MATERIAL PROVIDED: Begin

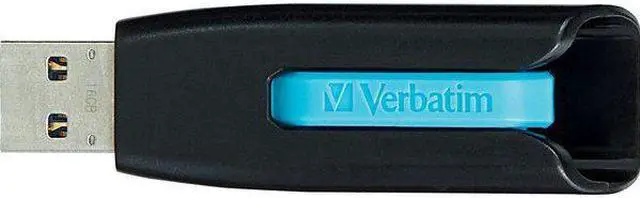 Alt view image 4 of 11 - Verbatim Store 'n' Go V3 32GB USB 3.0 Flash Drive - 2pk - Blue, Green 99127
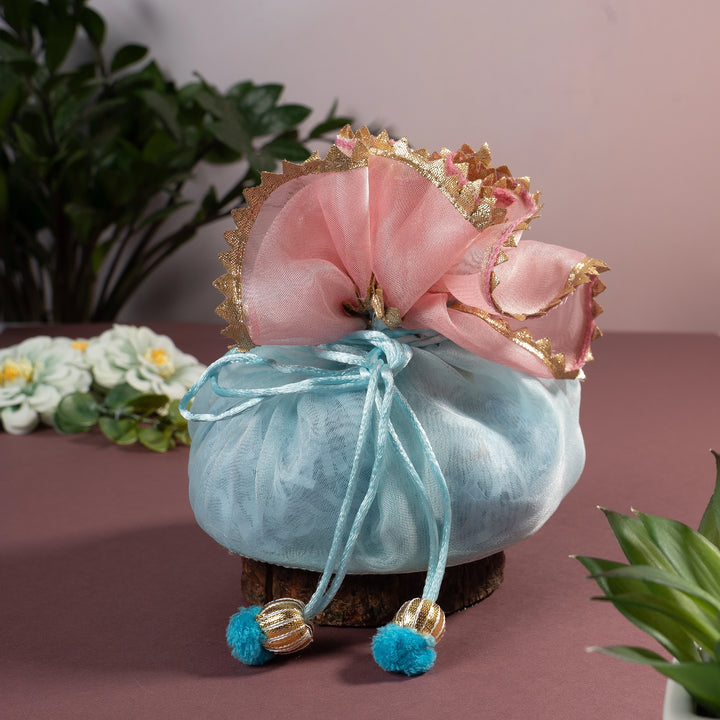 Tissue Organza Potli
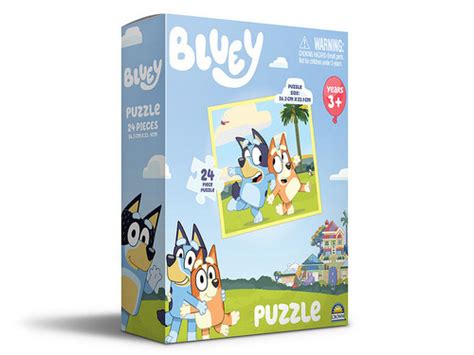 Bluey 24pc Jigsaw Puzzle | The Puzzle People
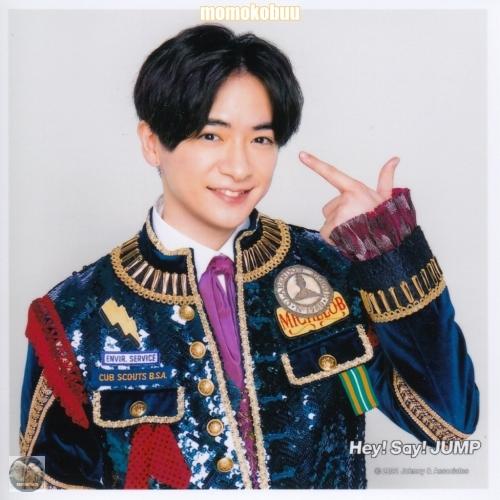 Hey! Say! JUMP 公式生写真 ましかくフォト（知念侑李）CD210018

MATERIAL PROVIDED: End

INSTRUCTIONS FOR THE TASK: Print all of the data exactly, and do not carry over any pictures.

RESPONSE:
 Alt view image 4 of 11 - Verbatim Store 'n' Go V3 32GB USB 3.0 Flash Drive - 2pk - Blue, Green 99127
 Tissue Organza Potli
 Bluey 24pc Jigsaw Puzzle | The Puzzle People
 Hey! Say! JUMP 公式生写真 ましかくフォト（知念侑李）CD210018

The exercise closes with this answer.